Al fin y al cabo, eso no es lo importante de la historia, del cuento. Lo importante es el té. La taza de té que siempre descansaba en la mesa de noche, cada mañana, esperando que Gonzalo la tomara entre las manos, que la acariciara y se la llevara a la boca. Lo importante es el cianuro de la taza, del té. Lo resueltamente relevante del cuento, es ese cuarto personaje que amaba a Gonzalo con una locura a prueba de toda razón. Un amor desquiciado y nunca revelado, que sorteó toda clase de azares con tal de estar cerca del personaje principal de todos sus días.
El cuarto personaje de este cuento, estuvo siempre en el. Vivió el amor irremediable de Gonzalo y Valeria, sintió y olió cada noche y cada conversación entre los dos. Vivió feliz sabiendo lo mucho que Gonzalo podía amar. Juró que esa mirada, de ojos azules, agrandada por la lupa de sus anteojos, la miraría así, con la misma devoción con la que miraba a Valeria.
Aquella noche, en la que Gonzalo se había dejado devorar por el deseo de un cuerpo extraño, hubo un testigo de la infidelidad. Una persona nublada de celos, de amor y de quien sabe que, que permanecía agazapada tras las cortinas, acumulando todo el odio, toda la decepción de saber que Gonzalo olvidó, por unas horas de sexo, a su amada Valeria. Entonces era inevitable, Gonzalo no podía amar a nadie de verdad. Nunca podría amarla a ella, ni siquiera después de esa mañana, cuando Valeria, luego de una tortuosa agonía provocada por cianuro, muriera de una vez y para siempre.

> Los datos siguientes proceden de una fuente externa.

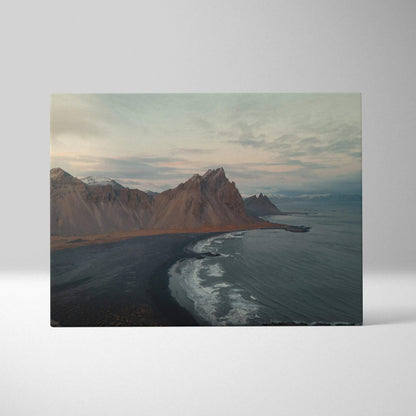 Canvas wall art featuring dramatic mountains and serene beach under a cloudy sky.
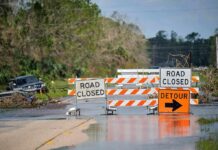 Road closed barricades blocking a flooded rural highway with detour sign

Fue entonces cuando se le ocurrió pensar que el cianuro alcanzaba para darle muerte, no solo a uno, sino a dos. Pensó en las tres combinaciones posibles. El-Ella, Ella-Valeria, Valeria-El. Finalmente se decidió por la primera. Valeria no tenía más culpa que la de haber amado a su amado. Valeria no haría que Gonzalo la amara. nadie lo podía hacer.
Mientras la cama arrugada sostenía dos cuerpos abandonados al cansancio y al sueño, nuestro cuarto personaje ingresó a la habitación, caminó hasta la cocina y abrió el microondas, donde la taza de té todavía helado, esperaba la mañana, para recién calentarse e ir a parar a la mesa de noche de Gonzalo.
Luego saldría del departamento, bajaría hasta la calle, caminaría unas cuadras, compraría una gaseosa, y vertiendo el cianuro en la bebida, la tomaría, recostada en un parque para que nadie se percate de su muerte hasta horas después.
Gonzalo quedaría vivo. Con la cara de encierro, con la culpa acumulada en la mirada, y con el té frío mirándolo con recelo, sabiendo que su destino, esta mañana, no sería unos labios, sino el alcantarillado.